Task objective: Starting at the line that contains "Tablet Screenshot of kage-land.dk", write out every line to the end of the records below exactly, and leave out the pictures.

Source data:
_ _ _ _
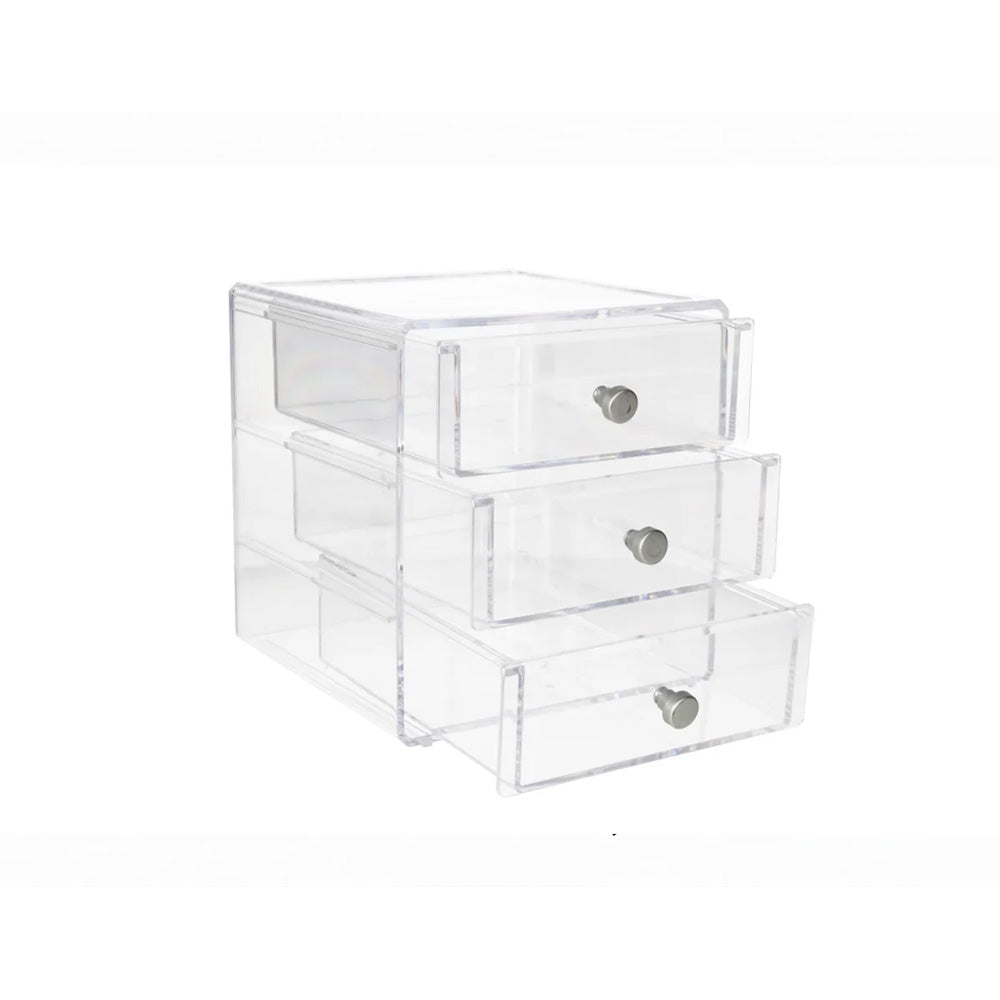 منظم مكياج أكريليك شفاف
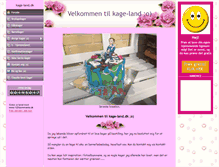 Tablet Screenshot of kage-land.dk
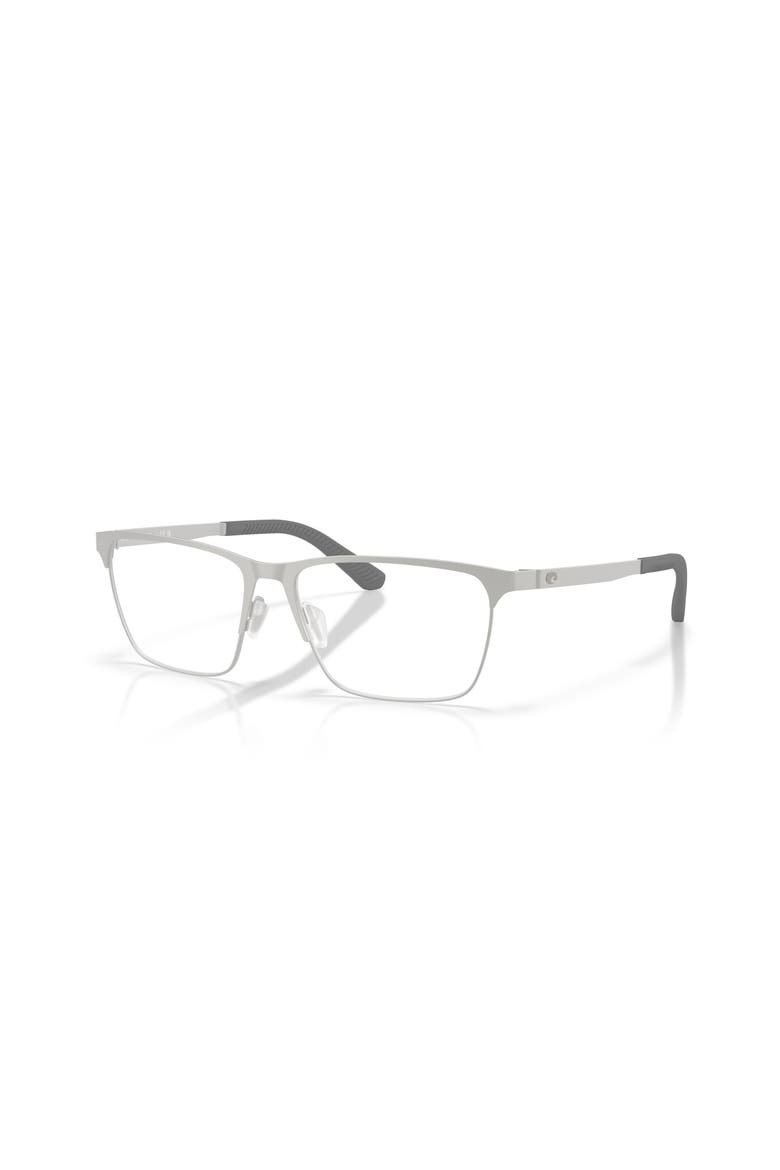 54mm Square optical glasses, Main, color, Silver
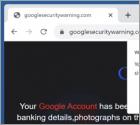 Estafa de ventanas emergentes "Your Google Account Has Been Locked!"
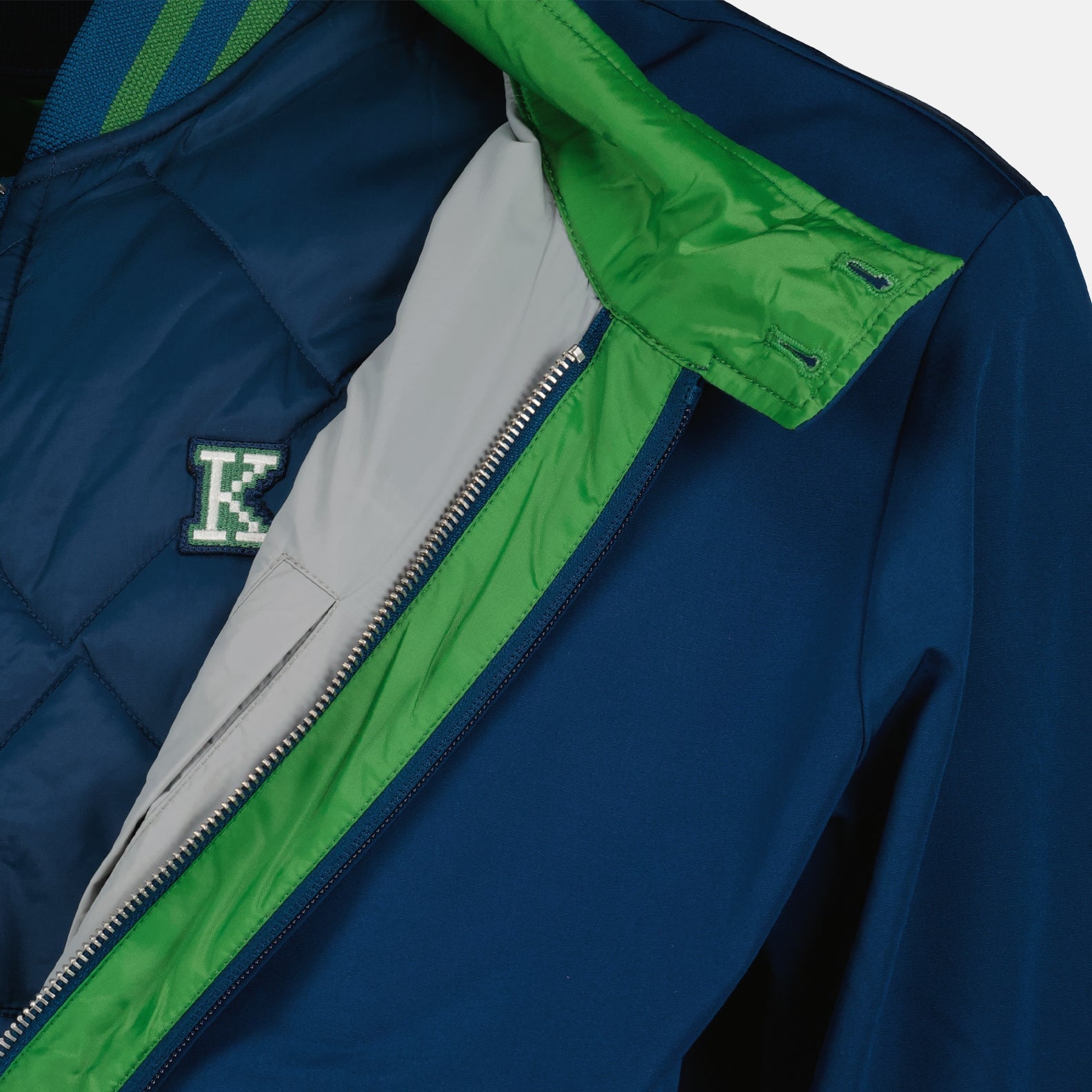 ジャケット 取り外し可能な裏地付きボンバージャケット Kenzo 青 Homme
_ _ _ _
Your response:
 Tablet Screenshot of kage-land.dk
 54mm Square optical glasses, Main, color, Silver
 Estafa de ventanas emergentes "Your Google Account Has Been Locked!"
 ジャケット 取り外し可能な裏地付きボンバージャケット Kenzo 青 Homme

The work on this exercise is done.